**What you have to do**
Beginning with the line below that contains "The 2008 Saab" and ending with the line that contains "Today there are", retype every line exactly. Pictures are not copied.

**Supplied entries**
################
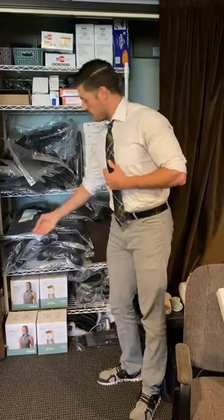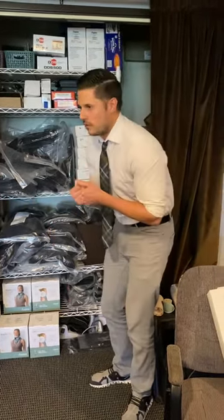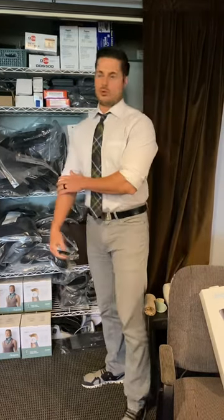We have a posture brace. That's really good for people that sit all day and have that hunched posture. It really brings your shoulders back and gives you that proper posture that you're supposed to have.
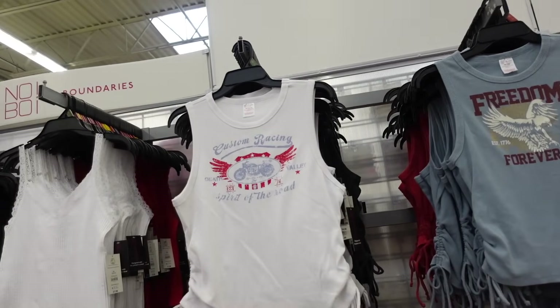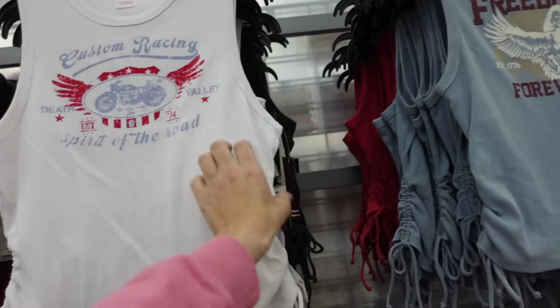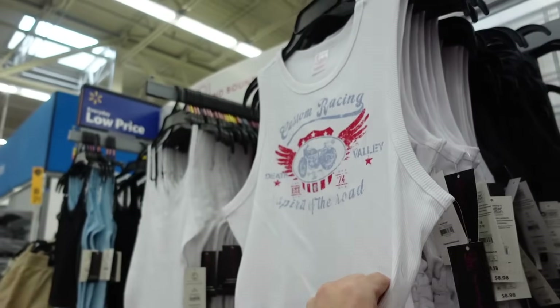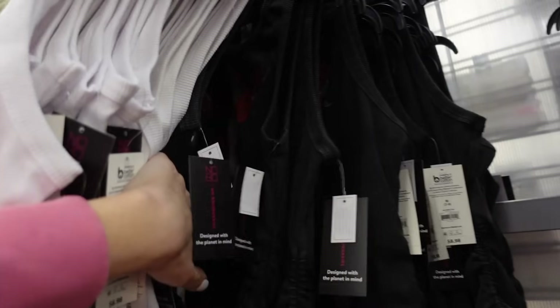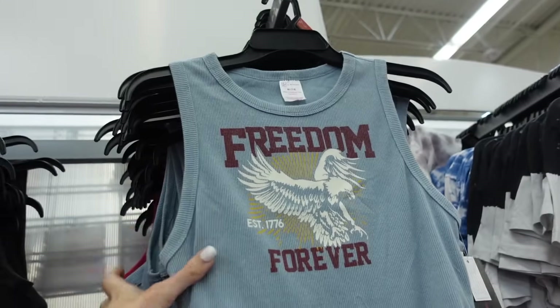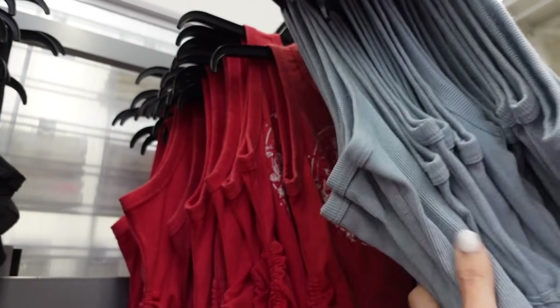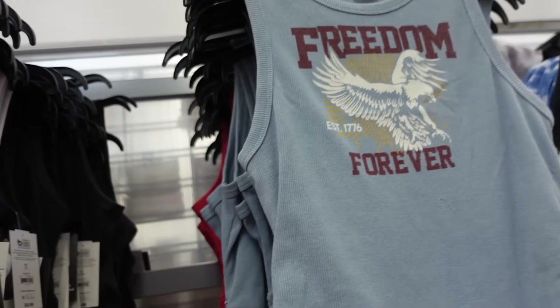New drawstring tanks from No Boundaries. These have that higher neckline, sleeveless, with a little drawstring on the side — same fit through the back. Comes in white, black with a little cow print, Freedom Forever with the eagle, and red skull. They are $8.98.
################
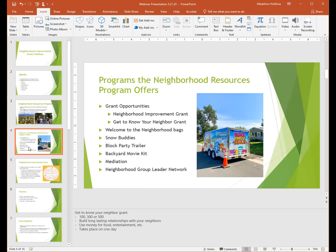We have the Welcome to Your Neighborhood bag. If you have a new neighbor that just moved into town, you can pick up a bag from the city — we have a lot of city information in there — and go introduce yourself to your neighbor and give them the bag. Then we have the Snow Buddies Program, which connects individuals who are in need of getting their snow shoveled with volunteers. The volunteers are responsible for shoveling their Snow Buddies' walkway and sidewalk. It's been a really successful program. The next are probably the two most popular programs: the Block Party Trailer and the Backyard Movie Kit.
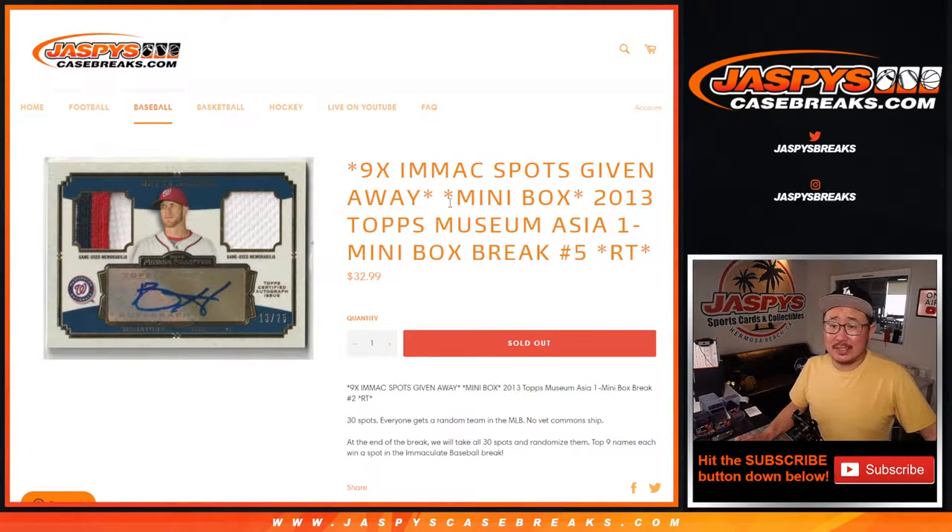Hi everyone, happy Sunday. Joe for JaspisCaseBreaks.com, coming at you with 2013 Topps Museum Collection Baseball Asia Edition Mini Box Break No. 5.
################
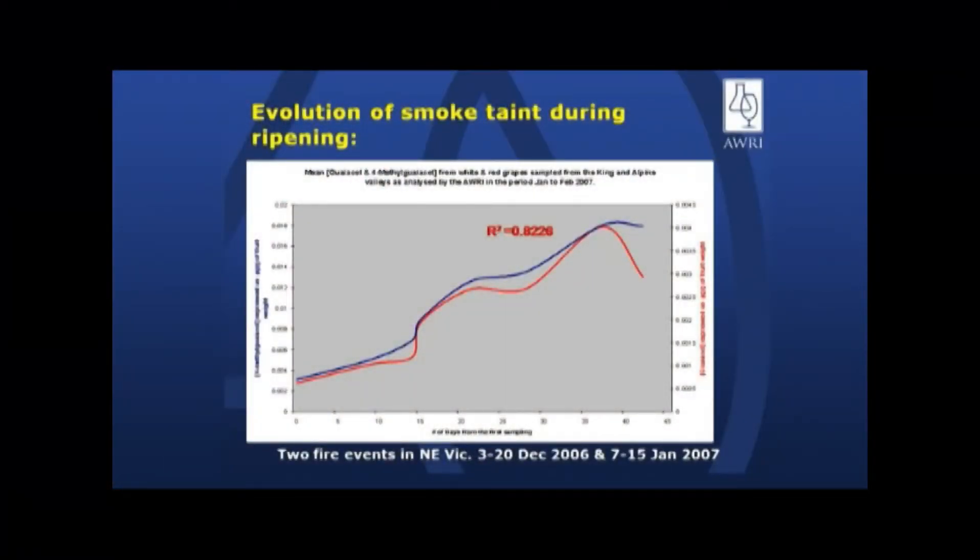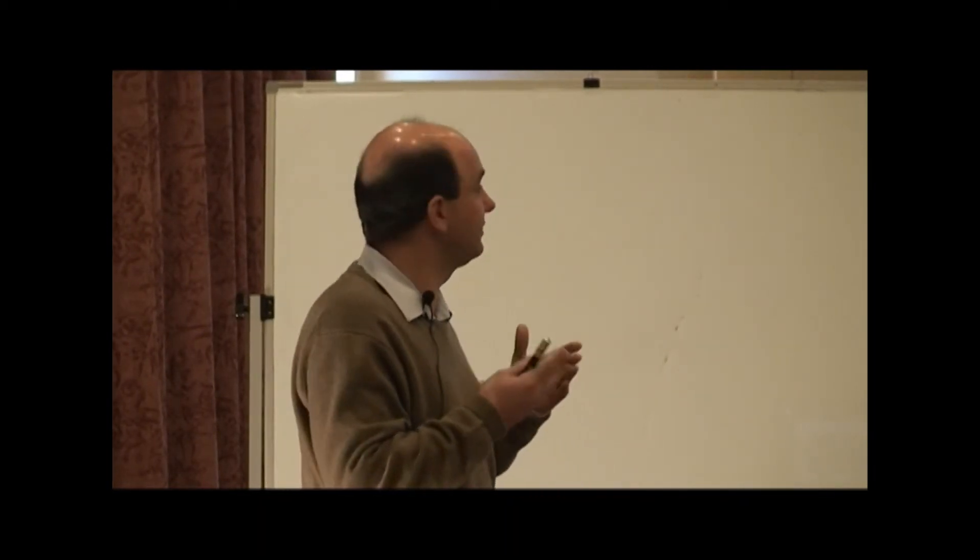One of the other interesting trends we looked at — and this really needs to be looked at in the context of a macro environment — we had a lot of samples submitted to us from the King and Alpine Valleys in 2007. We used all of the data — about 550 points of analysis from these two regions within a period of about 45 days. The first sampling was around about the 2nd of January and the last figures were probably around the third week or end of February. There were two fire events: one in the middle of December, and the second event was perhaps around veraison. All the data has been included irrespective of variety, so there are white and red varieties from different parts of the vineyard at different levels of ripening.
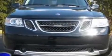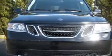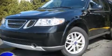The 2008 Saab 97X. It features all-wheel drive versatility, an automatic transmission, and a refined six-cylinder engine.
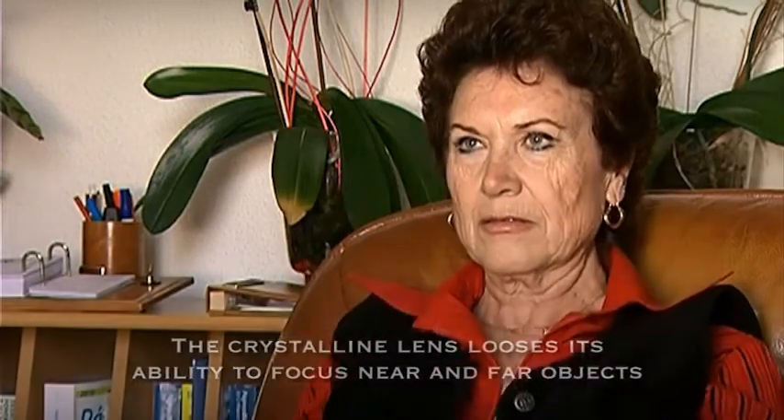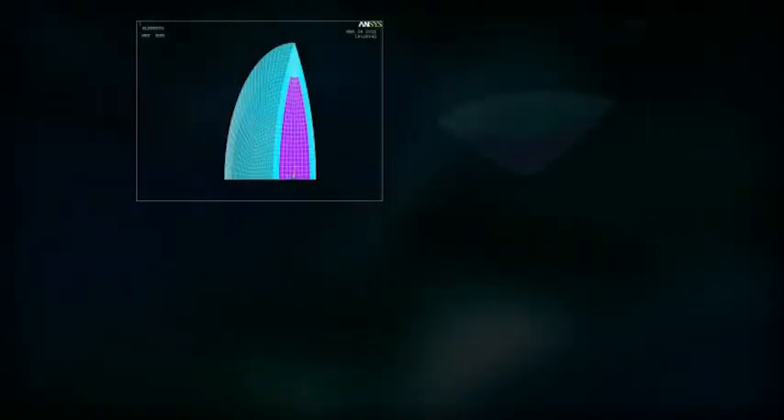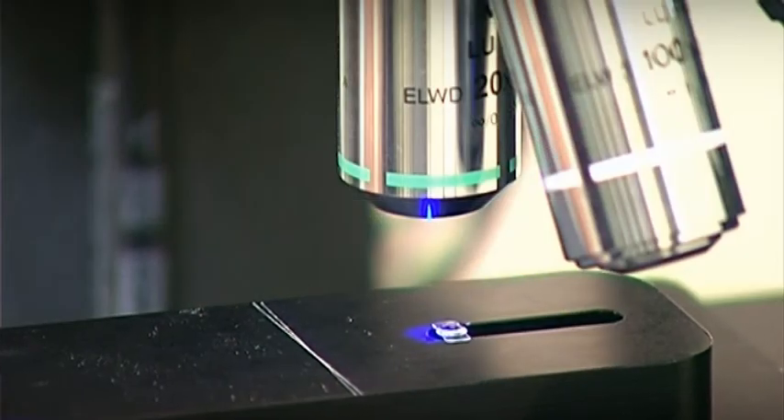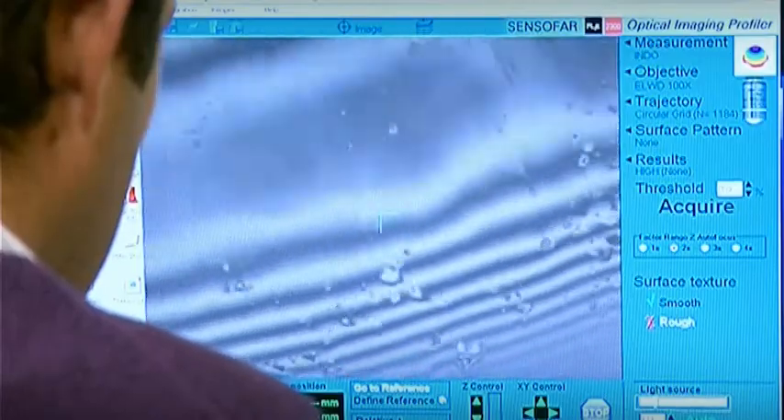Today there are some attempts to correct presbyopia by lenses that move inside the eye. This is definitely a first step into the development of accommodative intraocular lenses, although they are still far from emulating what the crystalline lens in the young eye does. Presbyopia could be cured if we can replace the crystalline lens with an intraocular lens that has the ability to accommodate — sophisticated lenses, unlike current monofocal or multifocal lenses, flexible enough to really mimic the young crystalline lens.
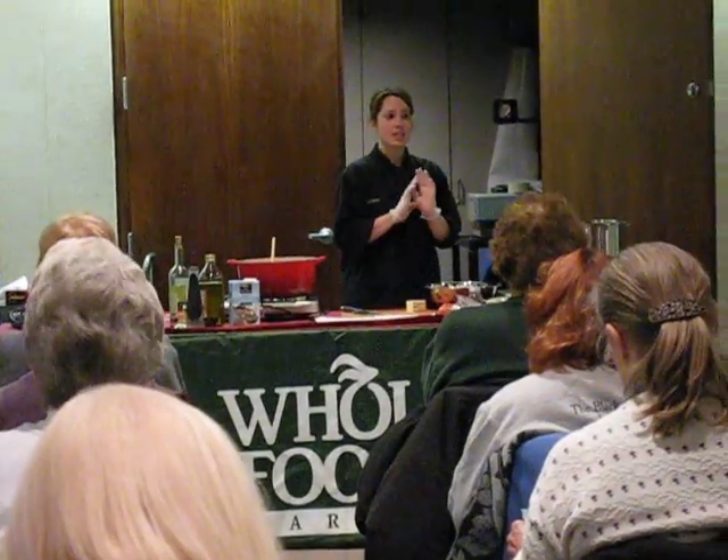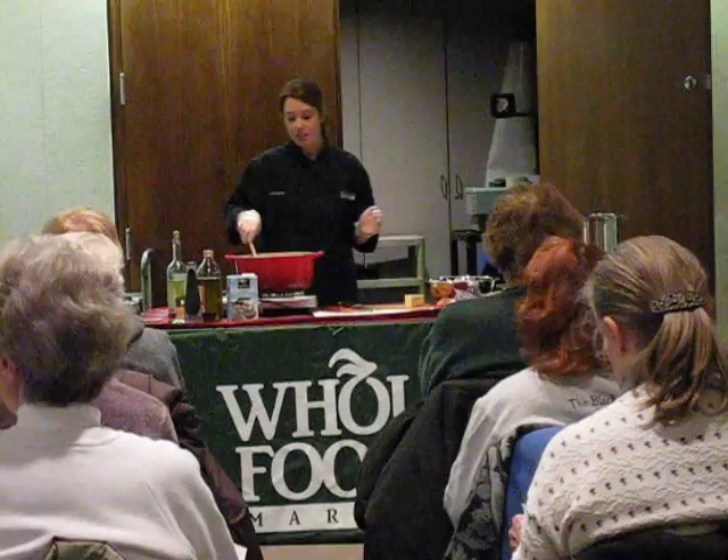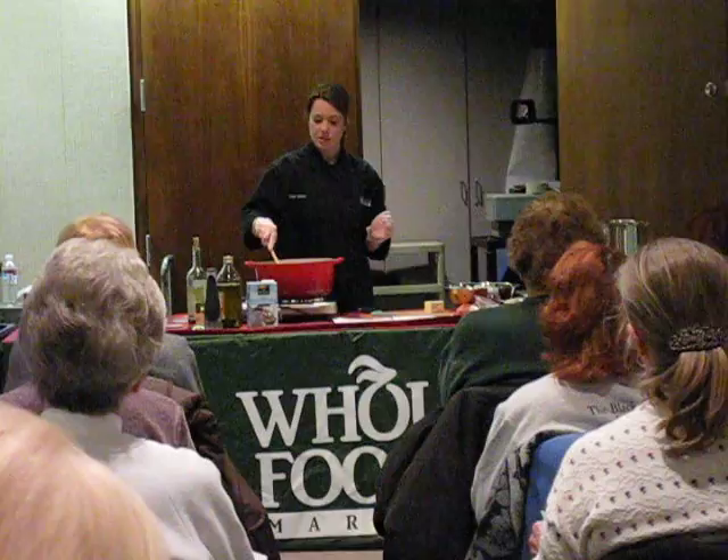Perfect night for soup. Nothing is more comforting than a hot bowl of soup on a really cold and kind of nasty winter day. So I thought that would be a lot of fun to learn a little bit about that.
################
**Written solution**
The 2008 Saab 97X. It features all-wheel drive versatility, an automatic transmission, and a refined six-cylinder engine.
Today there are some attempts to correct presbyopia by lenses that move inside the eye. This is definitely a first step into the development of accommodative intraocular lenses, although they are still far from emulating what the crystalline lens in the young eye does. Presbyopia could be cured if we can replace the crystalline lens with an intraocular lens that has the ability to accommodate — sophisticated lenses, unlike current monofocal or multifocal lenses, flexible enough to really mimic the young crystalline lens.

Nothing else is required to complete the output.